- **BREAKING CHANGE**
- BEFORE:
- `create_list_for()` returned a `str` containing the name of the file the program wrote to
- NOW:
- `create_list_for()` returns a `tuple` containing
- a `list` of `list`s containing the video information found by the program for the current run
- by default, returns dummy video data to avoid cluttering the output
- to return the actual video data, set the `video_data_returned` ListCreator attribute to `True`
- dummy data: `[[0, '', '', '']]`
- a `tuple` containing a `str` with the name of the channel (taken from the channel's heading) and a `str` with the name of the file written to
- `('The Channel Name', 'the_name_of_the_file')`
- `('The Channel Name', '')` if the ListCreator attributes are `txt=False`, `csv=False`, `md=False`, AND `video_data_returned=True`
- see the **NEW FEATURES** section below for more details about `video_data_returned`
- access the full documentation for the updated `create_list_for` method with `help(ListCreator.create_list_for)` in the python interpreter
- **BUGFIX**
- fixes `cookie_consent` blocking logic for new HTML in GDPR regions
- YouTube updated the HTML formatting for blocking cookie consent, and the previous cookie consent blocking logic broke
- this release fixes the blocking logic to work with the new HTML formatting
- **NEW FEATURES**
- overview for the new ListCreator attributes given here, but run `help(ListCreator)` in the python interpreter or read the "More API information" section in the python README to see the full documentation:
- `file_suffix` allows more control over the file naming (`True` by default)
- `all_video_data_in_memory` scrapes the ENTIRE YouTube channel's videos page, EVEN if files exist for the channel already (`False` by default)
- must also set the `video_data_returned` attribute to `True` to actually get this information
- `video_data_returned` returns the video data for all videos the program scraped (`False` by default)
- data returned depends on a number of factors, see full documentation for more details
- `video_id_only` saves only the video ID instead of the entire URL (`False` by default)
- example: saves 'abcdefghijk' instead of 'https://www.youtube.com/watch?v=abcdefghijk'
- overview for the updated `file_name` argument options in the `create_list_for` method given here, but run `help(ListCreator.create_list_for)` in the python interpreter to see the full documentation:
- `file_name='auto'` names the output file(s) using the name that shows up under the banner when you navigate to the channel's homepage (with spaces removed)

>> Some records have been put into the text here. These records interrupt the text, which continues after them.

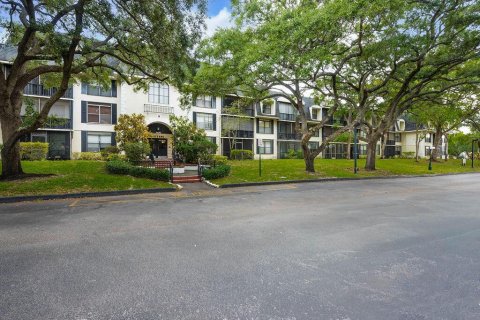 Copropriété à louer à Lauderhill, Floride: 2 chambres, 106.84 m2 № 2168893 - photo 26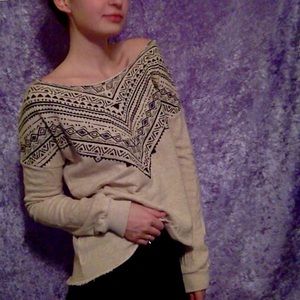 Billabong "Tribal" Neckline Cream Sweatshirt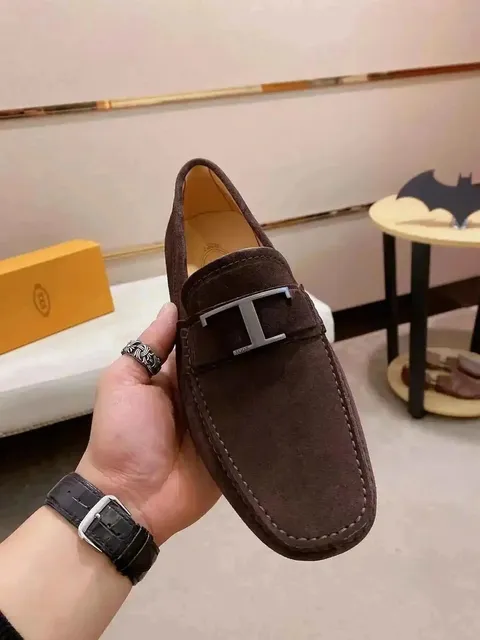 T-Bar Loafer Suede with Metal T-Logo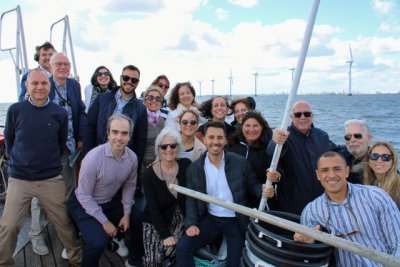 Transición, socios de Fedeport y el CMC apoyados por Proexca visitan el parque eólico marino Middelgrunden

- `file_name='id'` names the output file(s) using the identifier from the URL provided to the `url` argument
- run `help(ListCreator.create_list_for)` for a comprehensive list of examples
- using `file_name='id'` is very useful when multiple channels have the SAME channel name
- **PERFORMANCE IMPROVEMENTS**
- BEFORE:
- the program pulled the video data from the selenium instance and wrote to the file(s) directly
- NOW:
- the program loads the video data from the selenium instance into memory, THEN writes the saved video data from memory to the file(s)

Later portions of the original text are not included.